Los países que hace cien años se hicieron ricos no contaban con instituciones sociales como las que hoy ilustran la calidad de la civilización en diversos países desarrollados alrededor del mundo. Más bien al revés: se hicieron ricos porque sus empresarios no enfrentaron impedimentos y obstáculos diversos. En lugar de que los políticos de entonces vieran a las empresas como una vaca a ser ordeñada cada vez que las cuentas fiscales no cuadraban, como suele ocurrir al final de cada año en nuestro país, existía un sentido de dirección que jamás les llevaba a cuestionar la legitimidad de las empresas o su centralidad para el desarrollo.

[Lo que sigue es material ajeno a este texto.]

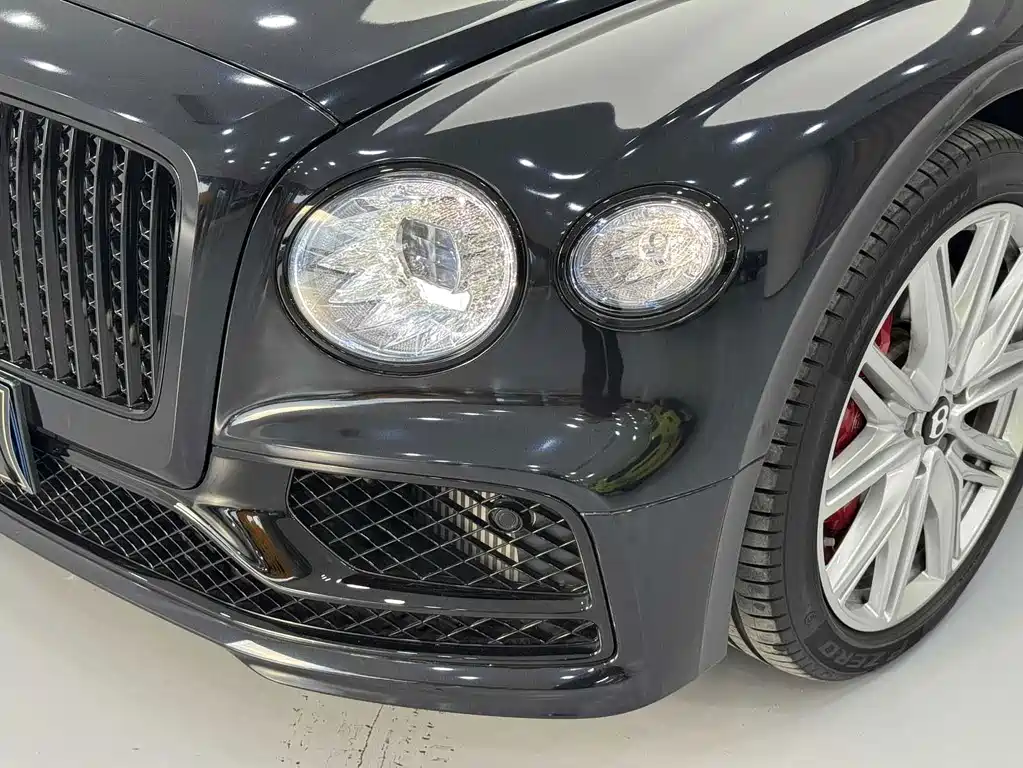 Bentley Flying Spur 2025 — фото 15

La depresión que parece ser característica permanente de lo que hasta hace tres lustros fue la Alemania oriental lo que se ha dado por llamar el mezzogiorno alemán- es sugerente del problema. Aunque la Alemania occidental ha invertido una fortuna (y más) en la modernización de la infraestructura de la antigua Alemania oriental, parte del paquete incluyó la imposición de todas las normas e instituciones económicas y sociales que los alemanes occidentales habían desarrollado. En lugar de que todo esto se convirtiera en una fuente interminable de riqueza, toda la inflexibilidad de la economía de Alemania occidental fue transferida a la antigua zona de influencia soviética, con lo que se impidió el desarrollo de un nuevo empresariado. Las instituciones de Alemania occidental que incluyen el sistema fiscal, los mecanismos para la determinación de los salarios mínimos y todo un sistema de reglamentación para la operación de la economía (como horarios, pensiones y demás)- podrían ser lógicas y sostenibles en una economía rica, desarrollada y exitosa, pero constituyeron un fardo infranqueable para la nueva región que se incorporó al país. La lección alemana es imponente.

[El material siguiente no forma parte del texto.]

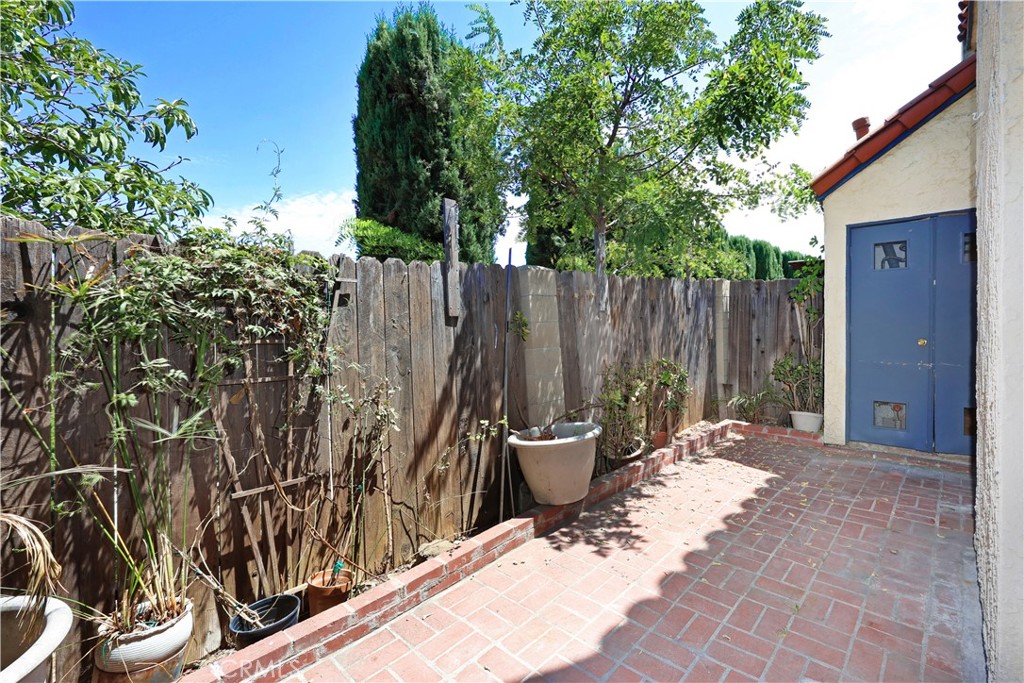 409 W Mountain View Avenue 3 Property Photo 25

Mientras otras naciones se hacen ricas, nosotros nos empeñamos en preservar los factores que causan y hacen perdurar la pobreza. No sólo parece haber un emergente consenso político respecto a la necesidad de abandonar los pocos mecanismos de mercado que ya funcionan en la economía mexicana, sino que se doblan las campanas por retornar a la era de los setenta en que el gobierno decidía todo a costa de la estabilidad política, el crecimiento de la economía y la oportunidad de progreso que para los sesenta ya comenzaba a caracterizar a la población del país. En sus manifestaciones aparentemente más benignas, el ímpetu hacia el subdesarrollo se manifiesta en la adopción y defensa de regímenes de seguridad social, sindicalismo, propiedad paraestatal y control de recursos naturales que no sólo no son compatibles con el desarrollo económico, sino que asfixian a la economía y sociedad mexicanas. El punto de todo esto es que existe la oportunidad de imitar a los ricos para ser ricos. Pero lo opuesto es igualmente obvio: mientras sigamos copiando a los pobres seguiremos siendo pobres.

Casinos

Es una mala idea autorizar la instalación de casinos en México. La razón no es moral sino económica: los costos que los casinos le imponen a la sociedad son brutales, en tanto que los beneficios se limitan a sus dueños. Además de desplazar empleos y negocios previamente existentes, los casinos exigen una estructura policíaca y de supervisión que en México simplemente no existe. En ausencia de semejante estructura, los casinos abrirían la puerta a una nueva ola de criminalidad. Nadie tiene derecho de decidir cómo otros deben divertirse pero, por nuestra realidad objetiva, los casinos no se pueden evaluar como una fuente de diversión sino como una nueva fuente de incontenible criminalidad.